As a result, stable, high-quality printing and a long-service-life printhead can be achieved.

Note that in the foregoing embodiments, although the description has been provided based on an assumption that a droplet discharged by the printhead is ink and that the liquid contained in the ink tank is ink, the contents are not limited to ink. For instance, the ink tank may contain processed liquid or the like, which is discharged to a printing medium in order to improve the fixability or water repellency of the printed image or to improve the image quality.

The above-described embodiments have exemplified a so-called bubble-jet type inkjet printhead which abruptly heats and gasifies ink by a heater (heating element) and discharges ink droplets from an orifice by the pressure of generated bubbles. Considering the operations and effects of the present invention which suppresses variations in power supply voltage and the influence of a parasitic resistance in the connection, the present invention can be evidently applied to a printhead which prints by a method other than bubble-jet printing method.

In this case, the heater (heating element) in the embodiments is replaced with an element used in each method.
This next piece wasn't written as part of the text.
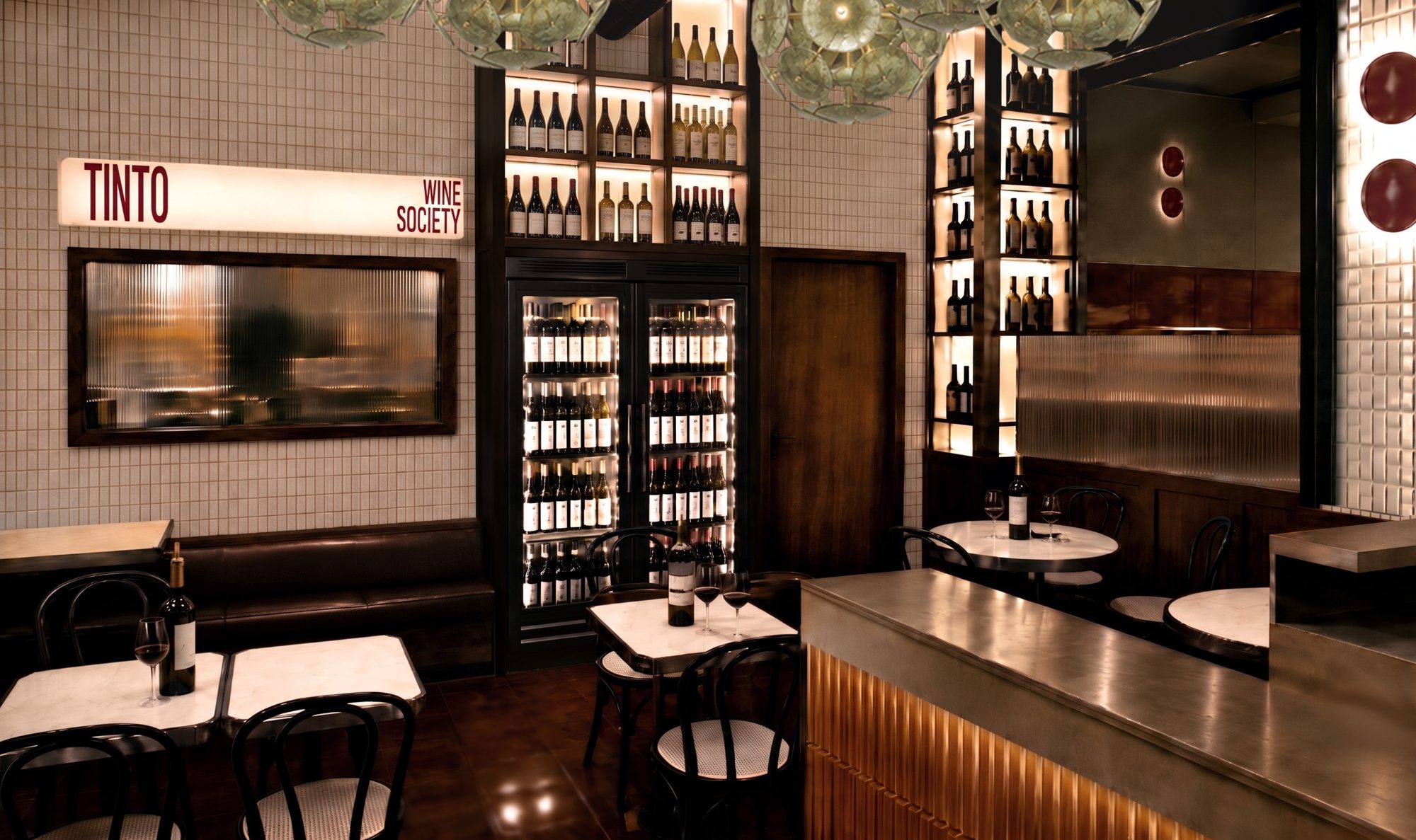 Sala principale con lightbox TINTO e bancone in acciaio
However, we note that each of the above-described embodiments comprises means (e.g., an electrothermal transducer or the like) for generating heat energy as energy utilized upon execution of ink discharge, and adopts the method which causes a change in state of ink by the heat energy, among the ink-jet printing method. According to this printing method, a high-density, high-precision printing operation can be attained.

As the typical arrangement and principle of the ink-jet printing system, one practiced by use of the basic principle disclosed in, for example, U.S. Pat. Nos. 4,723,129 and 4,740,796 is preferable. The above system is applicable to either one of so-called an on-demand type and a continuous type. Particularly, in the case of the on-demand type, the system is effective because, by applying at least one driving signal, which corresponds to printing information and gives a rapid temperature rise exceeding nucleate boiling, to each of electrothermal transducers arranged in correspondence with a sheet or liquid channels holding a liquid (ink), heat energy is generated by the electrothermal transducer to effect film boiling on the heat acting surface of the printhead, and consequently, a bubble can be formed in the liquid (ink) in one-to-one correspondence with the driving signal. By discharging the liquid (ink) through a discharge opening by growth and shrinkage of the bubble, at least one droplet is formed. If the driving signal is applied as a pulse signal, the growth and shrinkage of the bubble can be attained instantly and adequately to achieve discharge of the liquid (ink) with the particularly high response characteristics.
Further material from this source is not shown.